-- Dataset records follows --
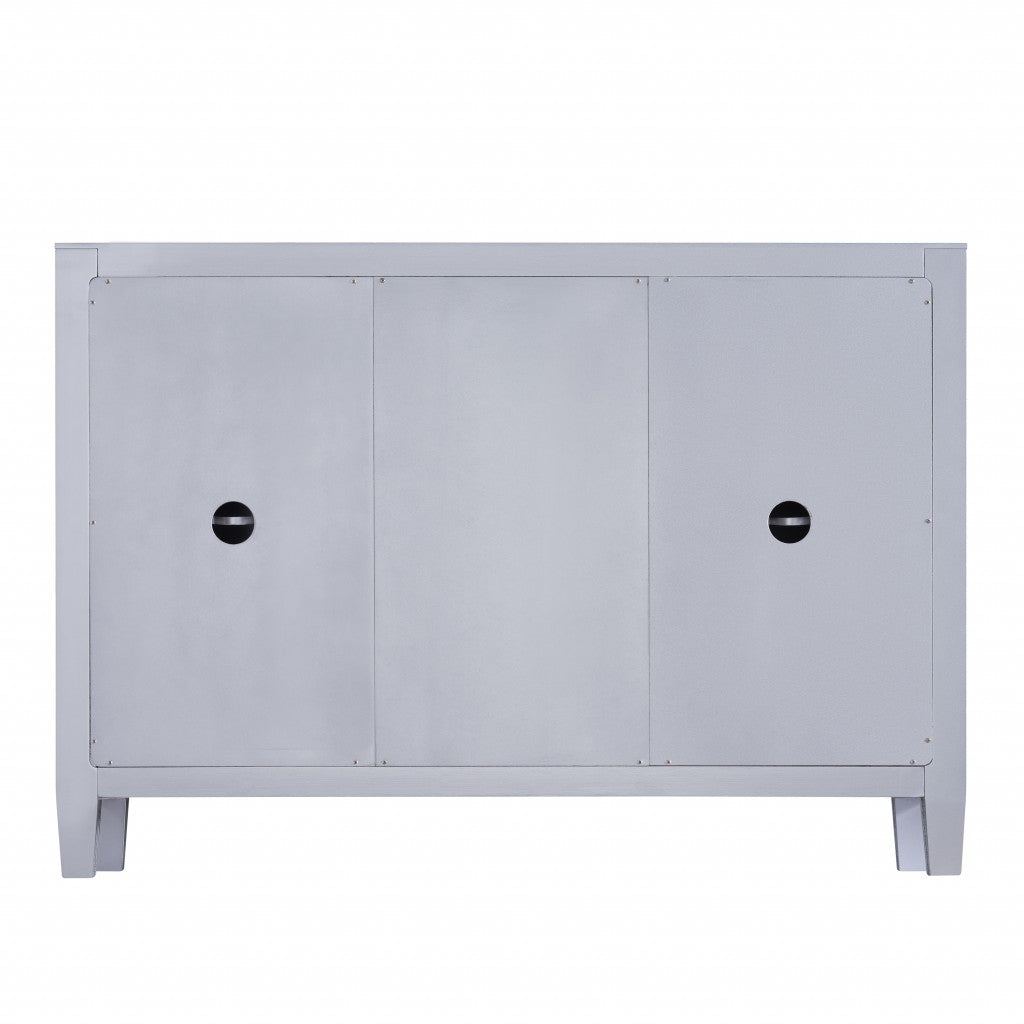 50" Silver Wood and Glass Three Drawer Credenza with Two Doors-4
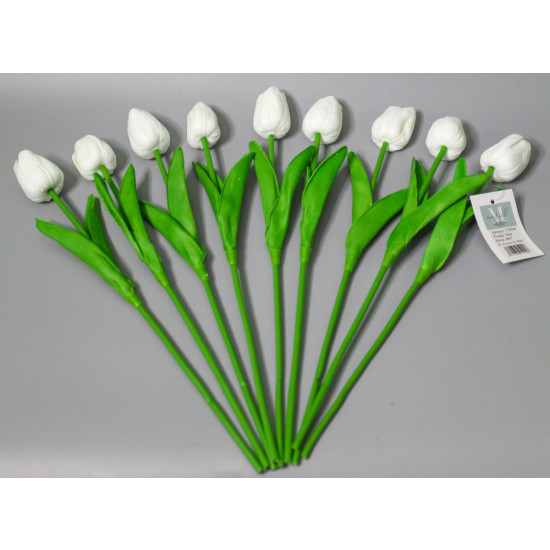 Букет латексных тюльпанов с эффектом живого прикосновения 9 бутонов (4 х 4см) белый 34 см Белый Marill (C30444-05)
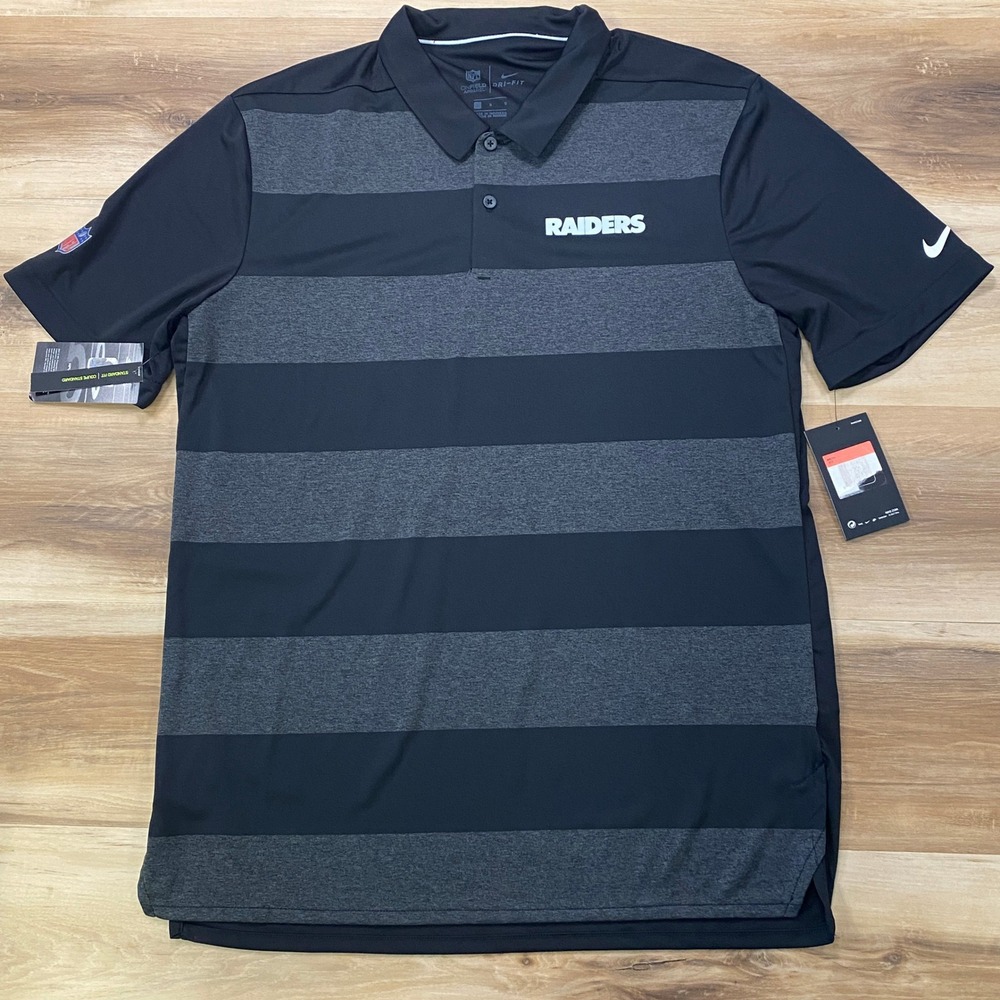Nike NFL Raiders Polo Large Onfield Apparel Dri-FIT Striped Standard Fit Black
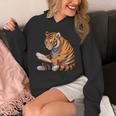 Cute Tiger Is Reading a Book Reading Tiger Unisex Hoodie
-- Dataset records concluded --
-- Dataset records follows --
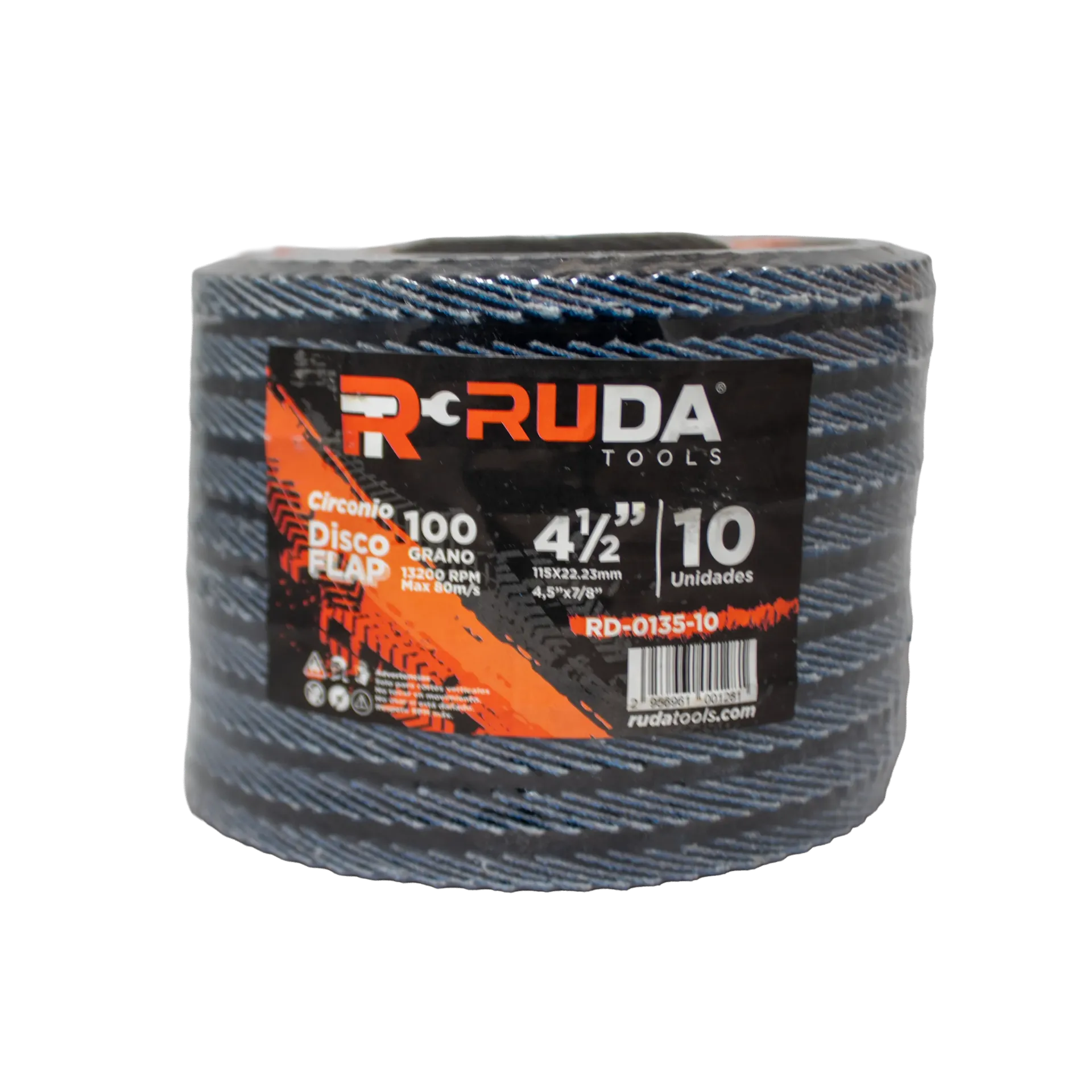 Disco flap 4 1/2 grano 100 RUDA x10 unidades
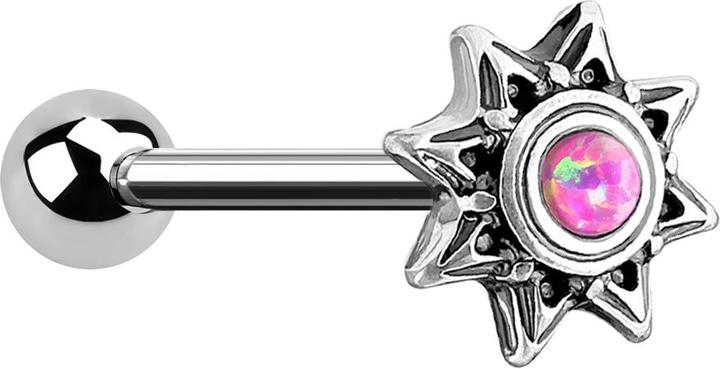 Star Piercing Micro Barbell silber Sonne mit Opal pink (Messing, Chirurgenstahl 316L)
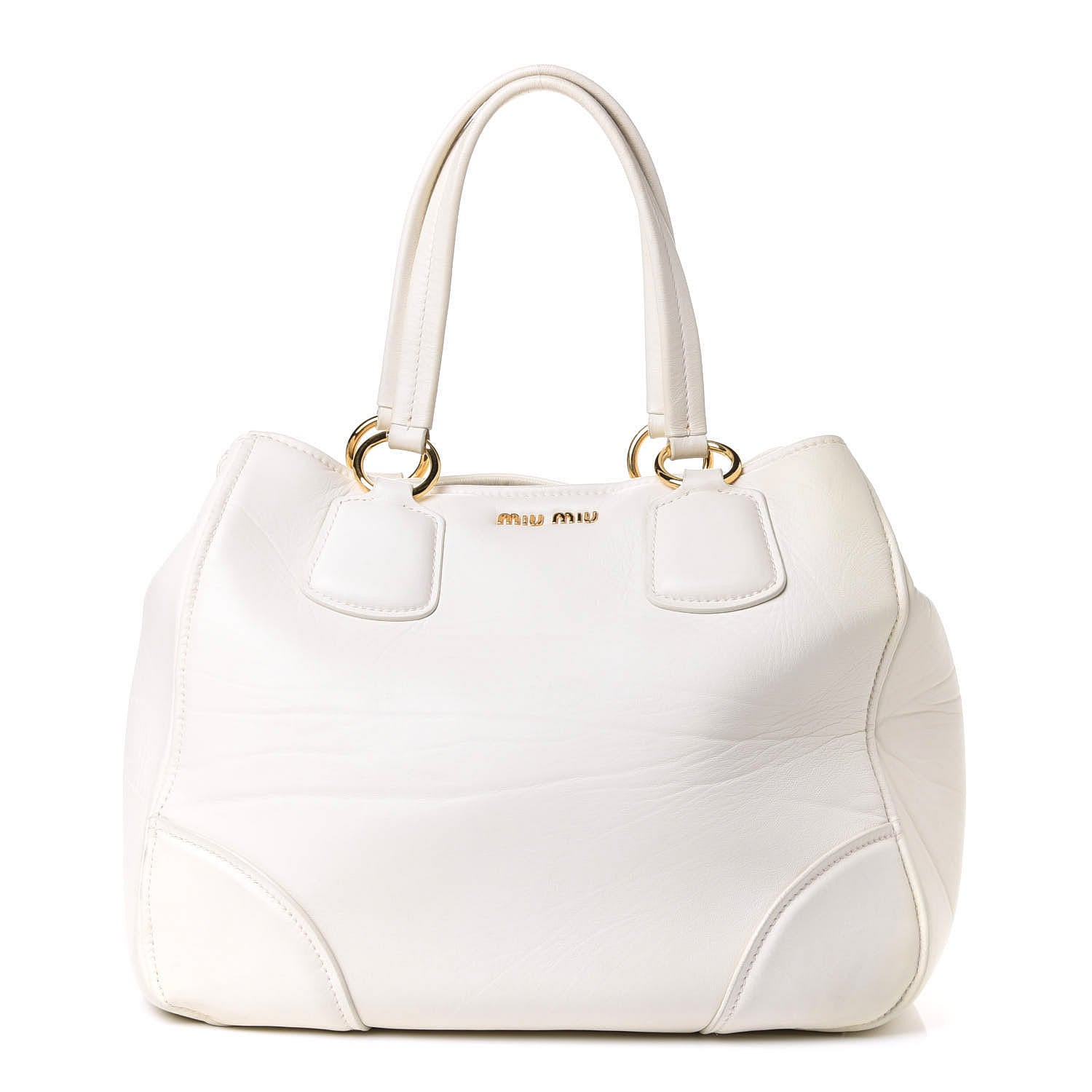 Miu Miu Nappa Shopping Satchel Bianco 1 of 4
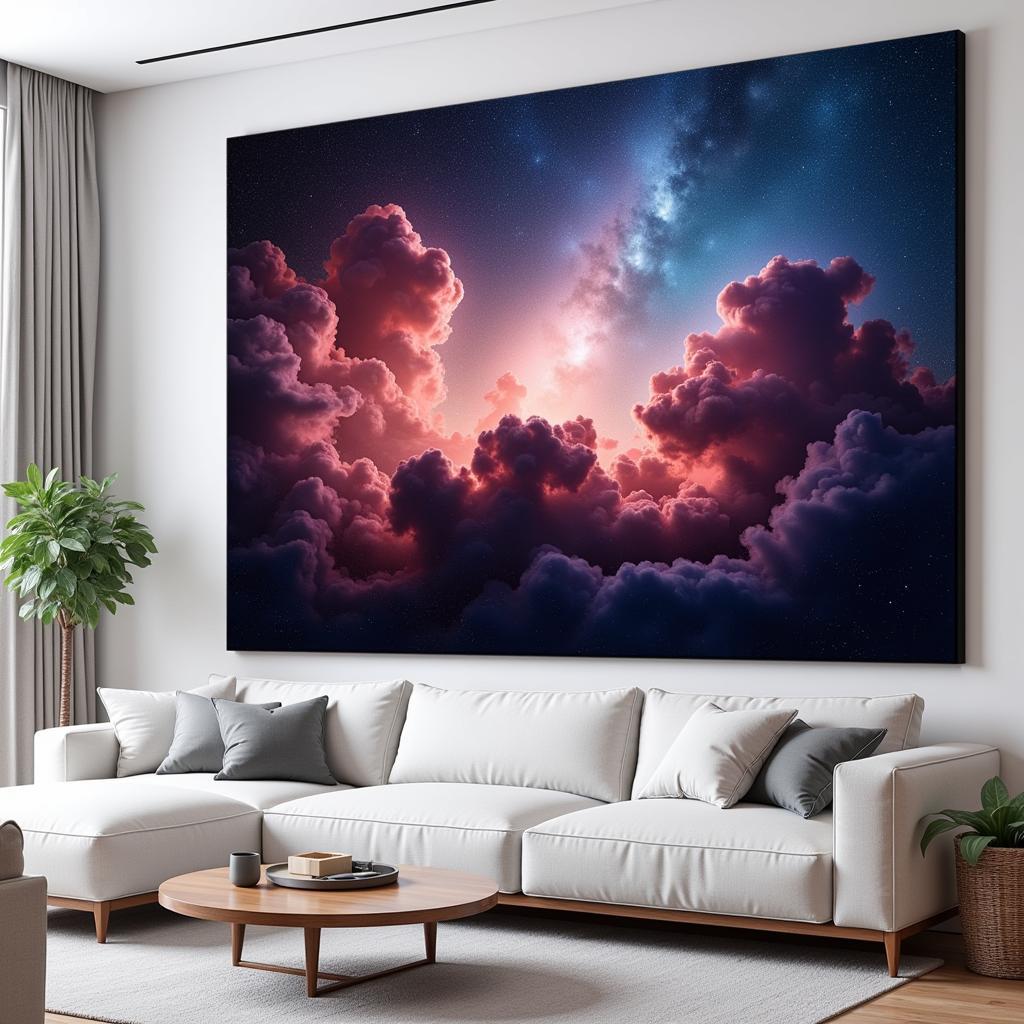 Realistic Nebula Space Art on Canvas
-- Dataset records concluded --
-- Dataset records follows --
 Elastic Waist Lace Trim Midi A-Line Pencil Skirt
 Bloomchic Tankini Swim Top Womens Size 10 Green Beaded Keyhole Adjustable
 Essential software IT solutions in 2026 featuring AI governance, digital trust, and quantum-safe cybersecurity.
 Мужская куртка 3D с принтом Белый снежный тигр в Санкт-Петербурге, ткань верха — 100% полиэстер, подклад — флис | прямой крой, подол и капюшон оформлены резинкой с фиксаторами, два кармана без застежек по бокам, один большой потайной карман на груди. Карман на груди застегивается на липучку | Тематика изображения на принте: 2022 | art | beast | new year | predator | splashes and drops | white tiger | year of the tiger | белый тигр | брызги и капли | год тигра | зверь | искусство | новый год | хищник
-- Dataset records concluded --
Copy exactly, without pictures, the lines above from the one with "with Two Doors-4" down to the one with "Cute Tiger Is", inclusive.

 50" Silver Wood and Glass Three Drawer Credenza with Two Doors-4
 Букет латексных тюльпанов с эффектом живого прикосновения 9 бутонов (4 х 4см) белый 34 см Белый Marill (C30444-05)
Nike NFL Raiders Polo Large Onfield Apparel Dri-FIT Striped Standard Fit Black
 Cute Tiger Is Reading a Book Reading Tiger Unisex Hoodie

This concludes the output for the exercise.